ミルの体は結構細くて肌白い。無表情系で眠そうな眼をしていて、おまけにアホ毛付き。


…っというのが作者がイメージするヒロインの姿。ラノベ作者特有のヒロインへの拘りってやつです()

「う、うん…かっこいい剣だな」


夜の仕事を終えた次の日。買った細剣を研ごうとしたが、思うように行かず、顔面を赤面させながら武器屋へと向かった。

おっちゃんは大爆笑。笑いながらもやってくれのだが…

これじゃ俺のプライドが傷ついたぜ…!


んで今はその帰り道。ピカピカになった剣を見て、俺は顔が気持ち悪い程緩む。


「これで魔物を倒しに行ける!」


魔物退治クエストは、薬草採取や街の人のお願いと比べて貰えるお金が多い。今までは念の為受けないようにしてたし、薬草採取の時も魔物と出会ったら持ち前の【逃走Ⅱ】で逃げていた。
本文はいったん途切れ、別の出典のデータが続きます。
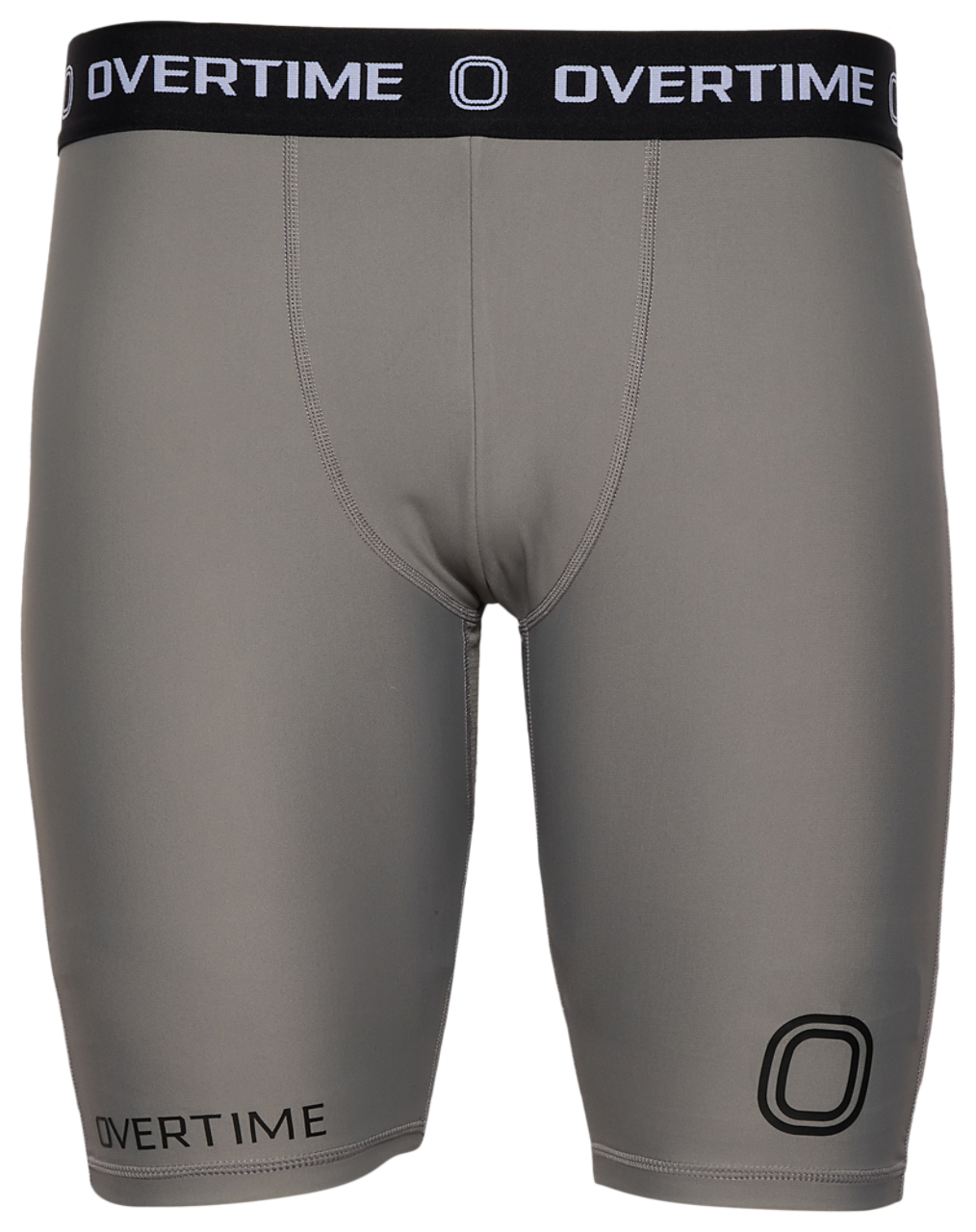 Overtime Valid 1/2 Compression Tights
「ミックさんっ!Fランクでも出来る魔物退治クエストを紹介してくださいっ!」


「えっ…?あっ…剣買ったんですね。なら…うん、平気かな…。えっとそうですね…これはどうでしょう?」


森蝙蝠(フォレストバット)の討伐

適正ランク:F

目的:森蝙蝠を15匹の退治

報酬:銀貨4枚


中々いいんじゃないだろうか。4000円も貰えるなんて…凄い!

早速手続きをして、いつも通り山へと向かう。今回は山にある洞窟に森蝙蝠がいるらしい。


『洞窟戦か…ヴッ!ゴブスレの記憶が…!』


でも俺は調子に乗ってる雑魚じゃない。…いやまぁ調子には乗ってるし、雑魚ではあるのだがそういう意味じゃなくてね?何も知らないバカじゃないって事。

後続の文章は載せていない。